MORITA Kazutaka morita.kazutaka at lab.ntt.co.jp
Fri Apr 12 10:30:55 CEST 2013


At Fri, 12 Apr 2013 16:02:17 +0800,
Liu Yuan wrote:
> 
> On 04/12/2013 03:53 PM, MORITA Kazutaka wrote:
> > Hmm, I don't get your point.  The logger crash_handler works as same
> > as the sheep and collie crash_handler do.
> > 
> > --- a/lib/logger.c
> > +++ b/lib/logger.c
> > @@ -489,6 +489,14 @@ static notrace void crash_handler(int signo)
> >         log_flush();
> >         closelog();
> >         free_logarea();
> > +
> > +       if (signo != SIGHUP) {
> > +               raise(signo);
> 
> We'd better in-line the comment why we call raise() in at least one call
> site. Looks cleaner to write a helper for unexpected  signal handling.

Okay.

> 
> > +
> > +               sd_printf(SDOG_EMERG,
> > +                         "signal (%s) didn't terminate the process.",
> > +                         strsignal(signo));
> > +       }
> >         exit(1);
> >  }        
> > 
> > signo!=SIGHUP means that the signal was raised because of the logger
> > problem.  Then, the crash_handler() re-raises the signal to dump a
> > core file and exit.  If something unexpected happens, the logger
> > process doesn't terminate in the default signal handler.  Then, the
> > logger notifies it to the user and exits in crash_handler.  If the
> > default handler works as expected, sd_printf and exit aren't called at
> > all.
> > 
> 
> Then the logger process is indeed terminated in the crash_handler(), so
> this unexpected signal causes the termination of logger, no?  This is
> what I am confused at.

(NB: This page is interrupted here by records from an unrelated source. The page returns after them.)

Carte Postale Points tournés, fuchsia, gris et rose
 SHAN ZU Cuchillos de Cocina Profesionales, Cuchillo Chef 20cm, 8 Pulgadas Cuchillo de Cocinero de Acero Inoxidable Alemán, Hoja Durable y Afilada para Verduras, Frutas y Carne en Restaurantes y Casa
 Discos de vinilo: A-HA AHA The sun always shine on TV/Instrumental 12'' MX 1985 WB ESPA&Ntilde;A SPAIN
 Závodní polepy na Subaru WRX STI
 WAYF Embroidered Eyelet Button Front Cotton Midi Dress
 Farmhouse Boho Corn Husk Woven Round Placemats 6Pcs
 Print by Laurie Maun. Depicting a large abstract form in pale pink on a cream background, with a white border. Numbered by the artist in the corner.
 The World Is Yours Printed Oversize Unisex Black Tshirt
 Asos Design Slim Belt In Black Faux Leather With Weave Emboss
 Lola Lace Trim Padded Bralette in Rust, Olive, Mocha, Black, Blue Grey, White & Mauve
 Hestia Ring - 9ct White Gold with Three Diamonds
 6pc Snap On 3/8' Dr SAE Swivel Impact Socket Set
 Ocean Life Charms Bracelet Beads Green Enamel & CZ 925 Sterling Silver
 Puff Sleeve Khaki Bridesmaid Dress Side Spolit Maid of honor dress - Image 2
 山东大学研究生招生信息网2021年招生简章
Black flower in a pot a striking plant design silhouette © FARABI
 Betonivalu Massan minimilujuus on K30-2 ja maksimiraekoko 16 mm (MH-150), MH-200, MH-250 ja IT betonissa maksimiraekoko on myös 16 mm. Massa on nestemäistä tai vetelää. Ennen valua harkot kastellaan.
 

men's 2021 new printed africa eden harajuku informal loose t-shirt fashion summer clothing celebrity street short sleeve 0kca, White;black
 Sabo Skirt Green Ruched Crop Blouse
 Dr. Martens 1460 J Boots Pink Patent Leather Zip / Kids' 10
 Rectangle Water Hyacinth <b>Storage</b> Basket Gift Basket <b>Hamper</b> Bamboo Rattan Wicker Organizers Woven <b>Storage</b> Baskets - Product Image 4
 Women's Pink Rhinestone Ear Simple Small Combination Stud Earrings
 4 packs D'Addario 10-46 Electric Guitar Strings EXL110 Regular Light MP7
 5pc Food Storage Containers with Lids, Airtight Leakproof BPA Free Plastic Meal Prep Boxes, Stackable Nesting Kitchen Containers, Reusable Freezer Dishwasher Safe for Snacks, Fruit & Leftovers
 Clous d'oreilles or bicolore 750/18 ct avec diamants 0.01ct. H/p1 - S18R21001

Why not just "unexpected signal xxx is raised."?

I didn't consider that the unexpected signal triggers the
crash_handler.  Then the reason we reach the line are:

 - The default handler (for SIGSEGV, SIGABRT, SIGBUS, SIGILL, or
   SIGFPE) doesn't terminate the process unexpectedly.

 - The unexpected signal has come and its default handler doesn't
   terminate the process.

Is it okay?  Then I think the current message shows what has happened
clearly.  In either case, we should stop the process immediately
because what we cannot expect has happened.

Anyway, we shouldn't reach the line.  Is it better to print "something
goes wrong" simply if the current message is confusing?